Nello discutere della contrazione dei consumi di vino che ha caratterizzato l’ultimo biennio abbiamo soprattutto individuato due direttrici tematiche: da una parte la tendenza, ormai solida e fertile, ad avvicinarsi alle declinazioni NoLo o dealcolate; e dall’altra l’ascendente di una congiuntura economica evidentemente negativa che ha portato gli acquisti di questo genere a occupare una posizione sempre più bassa nella scala delle proprietà.

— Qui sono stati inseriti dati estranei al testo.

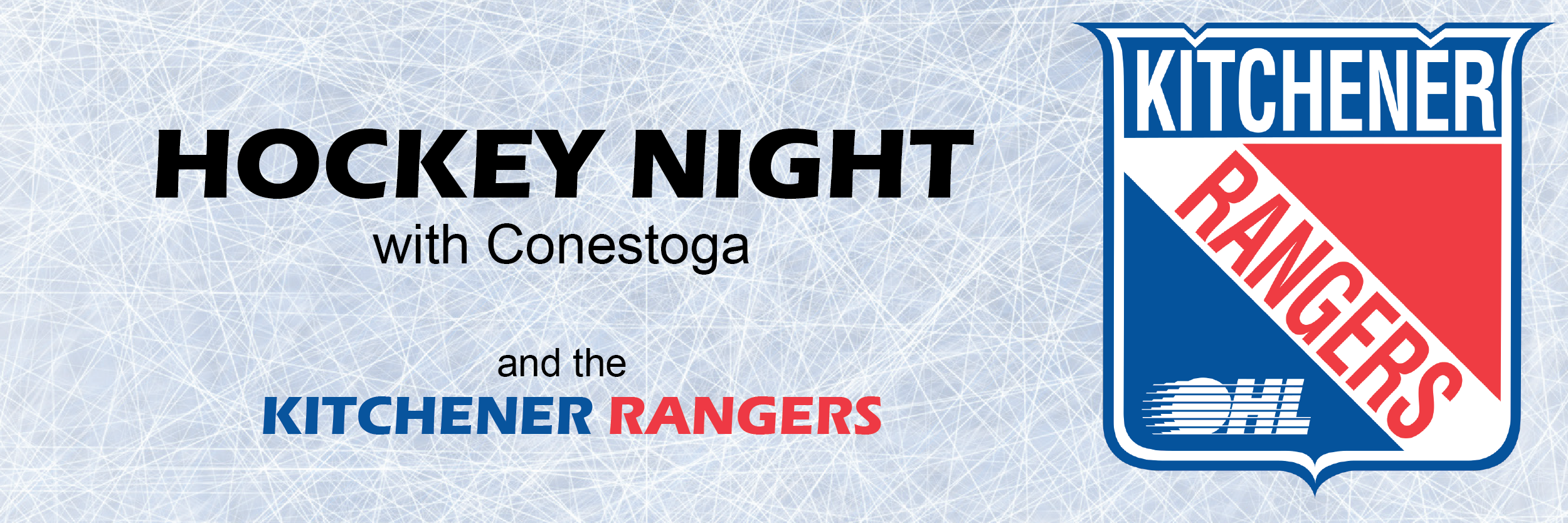 Hockey night with Conestoga and the Kitchener Rangers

C’è però chi, nel mezzo di questa giungla di segni in rosso, è riuscito a mettere a segno una crescita più che notevole: è il caso del consumo al calice e delle bottiglie da 0,375 litri, soprattutto al ristorante e soprattutto – per quanto concerne l’Italia, è chiaro – di Prosecco.

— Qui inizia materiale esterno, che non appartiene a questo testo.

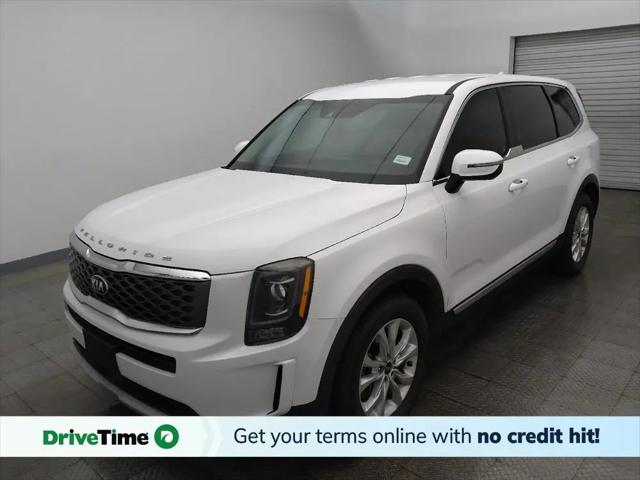 2021 Kia Telluride LX for sale in Houston, TX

Come cambiano le tendenze, da una parte delle Alpi all’altra
La tendenza in questione pare che si stia manifestando, secondo una lettura proposta dai colleghi de Il Sole 24 Ore, soprattutto in Francia, calibrandosi su vini appartenenti alla fascia medio alta. Ignacio Sanchez Recarte, presidente del Ceev, ha spiegato che “nelle bottiglie di formato più piccolo in Francia si cominciano a trovare anche i Gran Cru“: una risposta agile per tentare di risolvere quella crisi di consumi che, soprattutto dall’altra parte delle Alpi, si fa sentire sempre di più; e che soprattutto permette di conciliare il desiderio – sempre più diffuso, per l’appunto – di bere meno.

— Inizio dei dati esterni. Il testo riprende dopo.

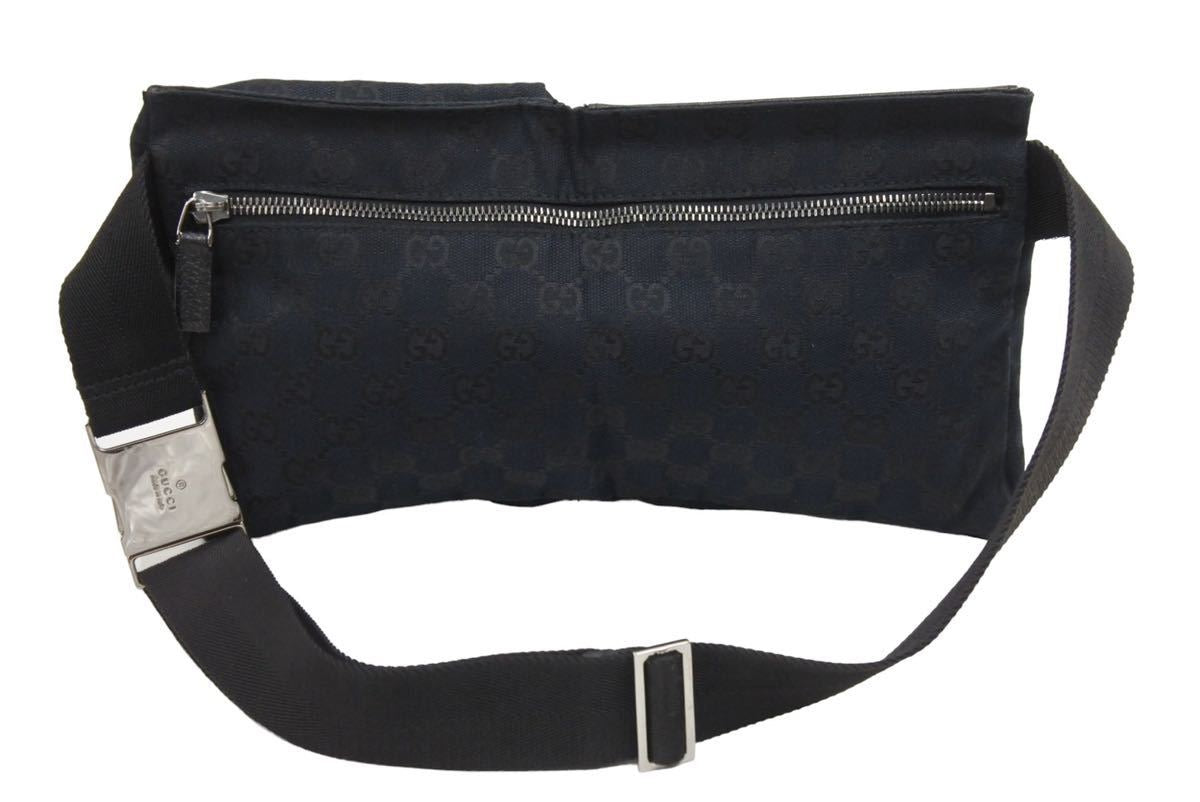 GUCCI グッチ GGキャンバス ボディバッグ ウエストバッグ ウエスト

La traduzione italiana di tale tendenza vede protagonista il Prosecco, per l’appunto. Secondo Sandro Botter, vicepresidente del Consorzio, le soddisfazioni più interessanti arrivano dalle confezioni ancora più mignon: quelle da 0,20 litri.
“A fronte di un calo delle vendite del formato da 0,75 litri che nell’ultimo anno ha perso il 3%” ha spiegato Botter a Il Sole “le confezioni mini hanno registrato nel 2023 un progresso del 3 % mettendo a segno una crescita che dal 2020 a oggi è stata del 67% e ormai rappresentano una quota del 4% sulla produzione totale”.
Ad accompagnare questo fenomeno si registra una contestuale vendita di vino al calice nei ristoranti. “Abito” diverso, ma stessa anima: l’idea è quella farsi una concessione che non vada né a salassare il portafoglio né a compromettere il sentire salutistico a cui abbiamo accennato nelle righe precedenti. Numeri alla mano, secondo Luciano Sbraga, vicedirettore e responsabile dell’ufficio studi della Fipe, il consumo al calice “ormai rappresenta in volume circa il 10% delle vendite di vino nei 140mila ristoranti italiani”.